Task details: For this exercise, copy exactly the lines below from the one with "桜井雅浩市長(左)に目録を手" through the one with "Apartamento de 3" and leave out the pictures.

Given entries:
--- START ---
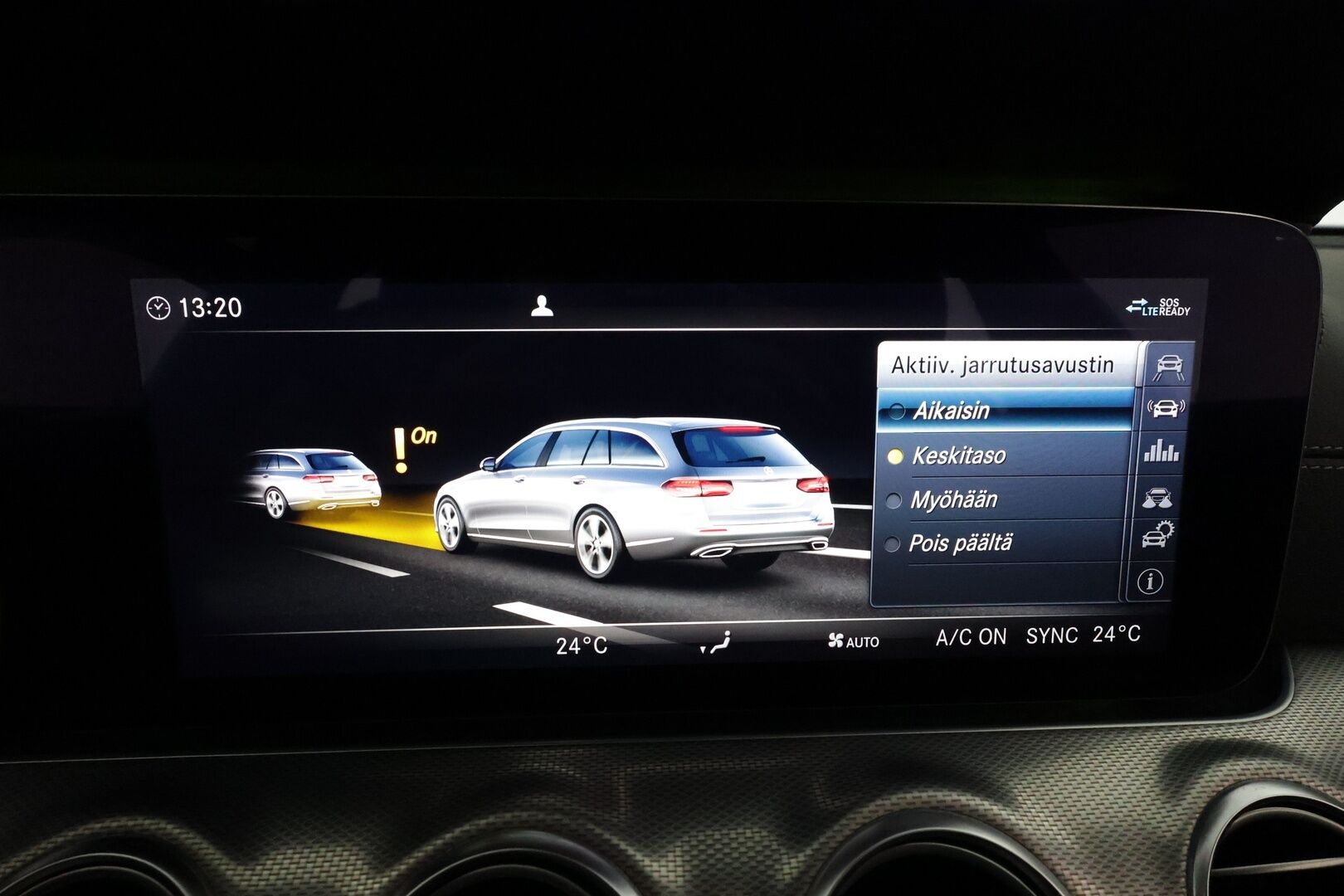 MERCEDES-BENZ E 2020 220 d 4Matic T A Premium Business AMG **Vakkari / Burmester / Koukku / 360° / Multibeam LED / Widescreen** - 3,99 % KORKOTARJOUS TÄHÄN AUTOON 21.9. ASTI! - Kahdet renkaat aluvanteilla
--- END ---
--- START ---
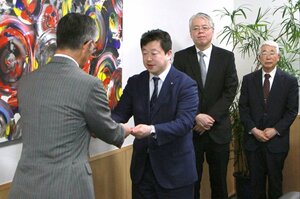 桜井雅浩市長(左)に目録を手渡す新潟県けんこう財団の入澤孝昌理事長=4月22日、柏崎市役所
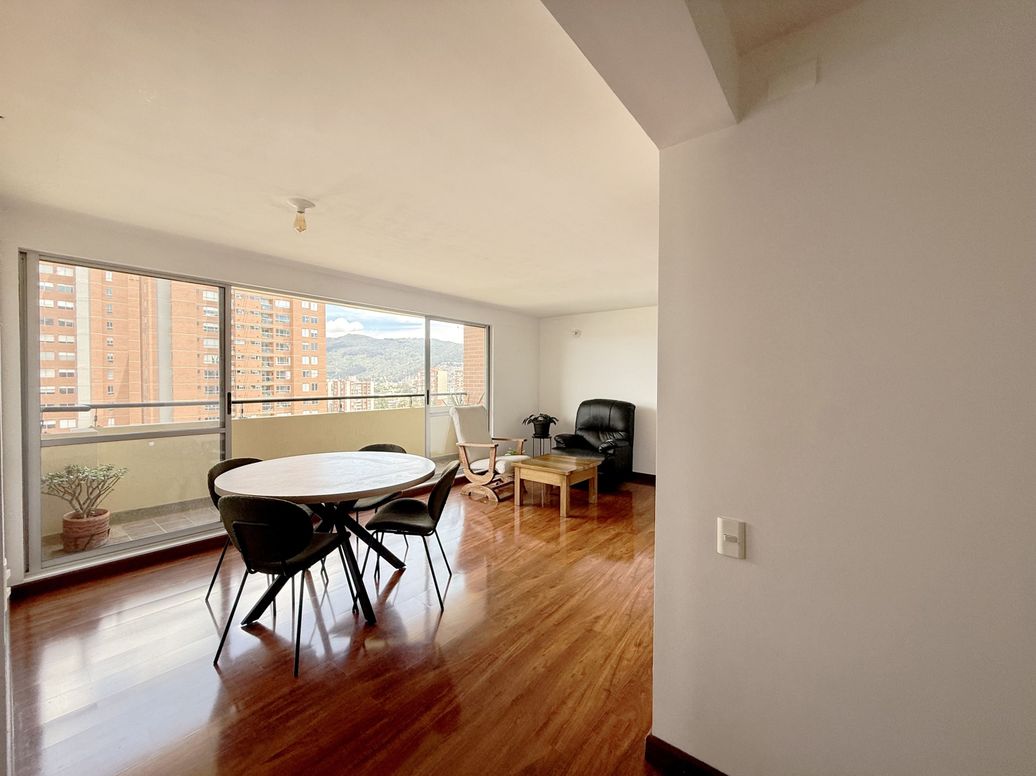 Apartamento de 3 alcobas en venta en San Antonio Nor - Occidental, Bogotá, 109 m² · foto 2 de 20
--- END ---
Result of this task:
 桜井雅浩市長(左)に目録を手渡す新潟県けんこう財団の入澤孝昌理事長=4月22日、柏崎市役所
 Apartamento de 3 alcobas en venta en San Antonio Nor - Occidental, Bogotá, 109 m² · foto 2 de 20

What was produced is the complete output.